Dáil debates

Thursday, 29 November 2007

National Drugs Strategy: Statements

 

1:00 pm

Photo of Mattie McGrathMattie McGrath (Tipperary South, Fianna Fail)

The annual report for 2007 of the United Nations Office on Drugs and Crime states that the total number of drug users worldwide is now estimated at some 200 million. This is a shocking figure, equivalent to approximately 5% of the global population aged between 15 and 64 years. We must constantly strive to ensure that the measures and policies in place to address the problem of drugs are appropriate and flexible enough to respond to what is a global and dynamic issue.

The Government remains resolutely committed to tackling the problem of drug misuse through the National Drugs Strategy 2001-2008. The strategy addresses the problem under pillar headings of education and prevention, supply reduction, treatment and rehabilitation, and research. It is firmly founded on the principle that drug misuse must be addressed in an integrated manner across these headings through a co-operative approach involving the statutory, community and voluntary treatment sectors.

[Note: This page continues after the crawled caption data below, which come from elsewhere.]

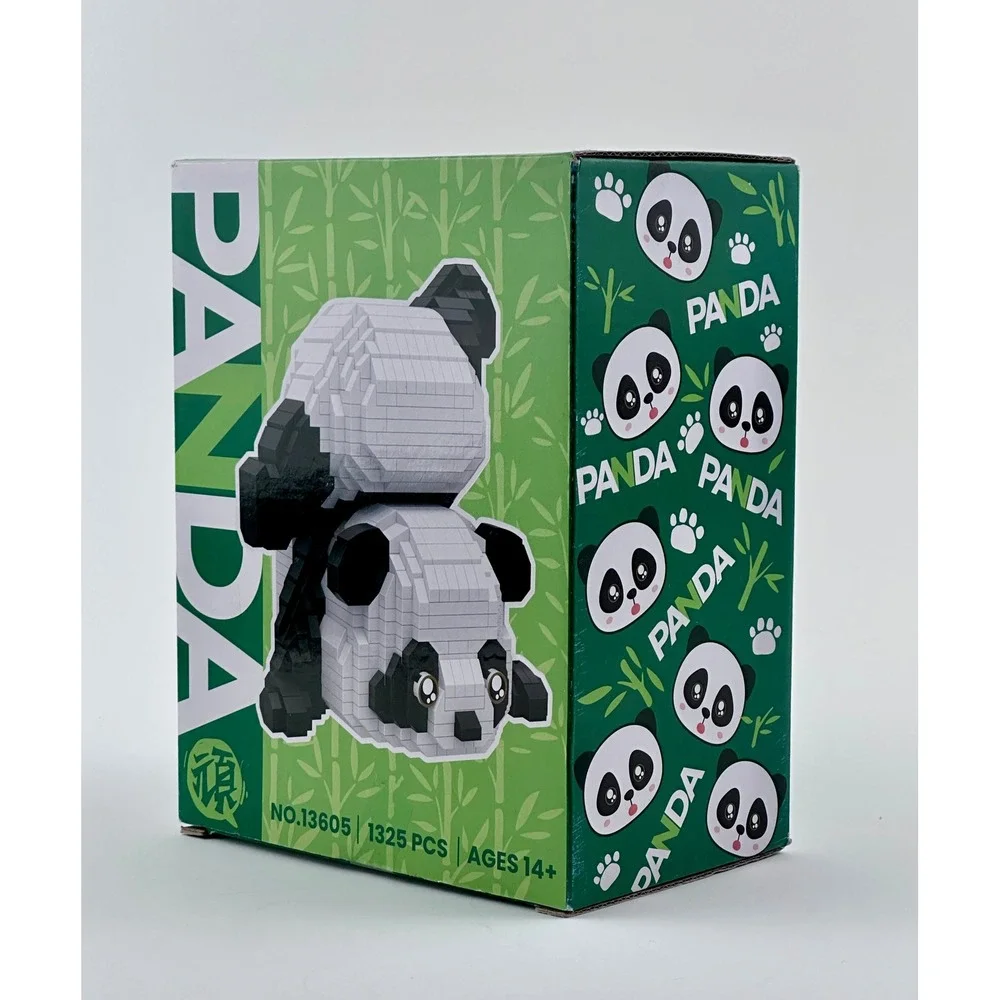 Panda Building Block Set 1325 PCS Ages 14+‎ Animal Figure Toy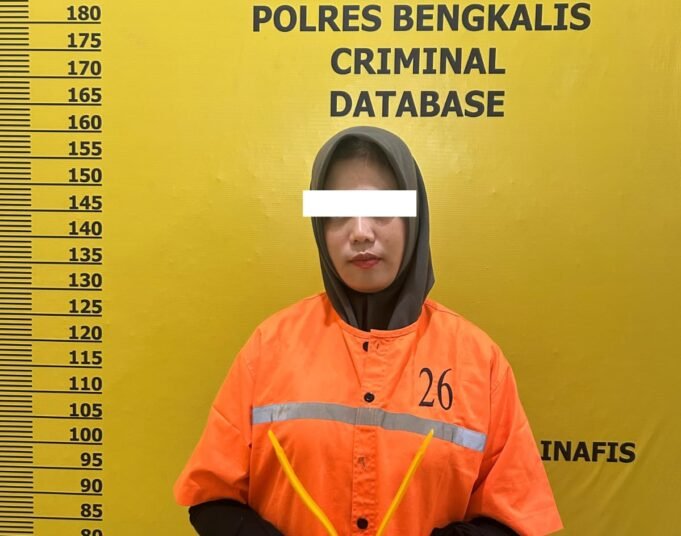 Satreskrim Polres Bengkalis Tahan Tersangka Penggelapan Dana Perusahaan
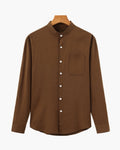 St. Moritz Mandarin Collar Shirt | Europa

The Department of Community, Rural and Gaeltacht Affairs, under the stewardship of the Minister of State, Deputy Pat Carey, is the lead Department in co-ordinating the implementation of the national drugs strategy. This co-ordinated and integrated approach, involving all the relevant players concerned with the issue, is the only way in which real and meaningful progress can continue to be made in tackling the drugs problem. Significant resources continue to be allocated to a range of measures dedicated to addressing the issue. A good example of this is the allocation of €50 million to the Vote of the Department of Community, Rural and Gaeltacht Affairs for the drugs initiative this year. This represents a 16% increase on the 2006 allocation.

We must evaluate the current drugs situation, harness our experiences during the past six years of the strategy and utilise what we have learned from the outcomes achieved when developing a new national drugs strategy for the period 2009 to 2016. Under the remit of the Department of Justice, Equality and Law Reform, the area of drug supply reduction and drug law enforcement remains a key feature of the Government's drug policy framework. Enforcement of the law relating to drugs very much continues to be a key element in the Government's policing priorities. Underpinning this approach, the Garda Síochána will continue to invoke a number of broad strategic responses in addressing the issue. I would like to see dedicated Garda drug squads in every division, which we had in the past. Some of those have disappeared over time but there is a great need to have such drugs squads.

Under the strategy, the Garda national drugs unit co-ordinates large-scale operations against drug dealing and trafficking and unit personnel either investigate such cases or assist local investigation teams. Policing operations continue to dismantle drug trafficking networks and have led to the arrest in recent times of major criminals based here and abroad involved in drugs. Such measures must continue to be vigorously pursued by the Garda Síochána.

There is also a role for the community alert programme, a national initiative I am involved with under Muintir na Tíre. There is a role for neighbourhood watch schemes and community policing. It is vital we have community support and activity to look out for each other.

Additional Garda resources are coming on stream all the time. Such resources will facilitate the new Garda Commissioner, Fachtna Murphy, in the allocation of additional manpower to areas most in need, including areas with significant drug problems. There can be no room for complacency in our response to drug misuse and the implementation of the national drugs strategy is a crucial part of the Government's work in the coming years.

The Government's integrated approach to addressing the drug problems that threaten the fabric of this country must be viewed by our constituents as a bipartisan commitment by the Government to ultimately achieving a drug-free environment. This would not be unlike the efforts expended in creating a smoke-free environment in workplaces and places of recreation, which have had unprecedented results.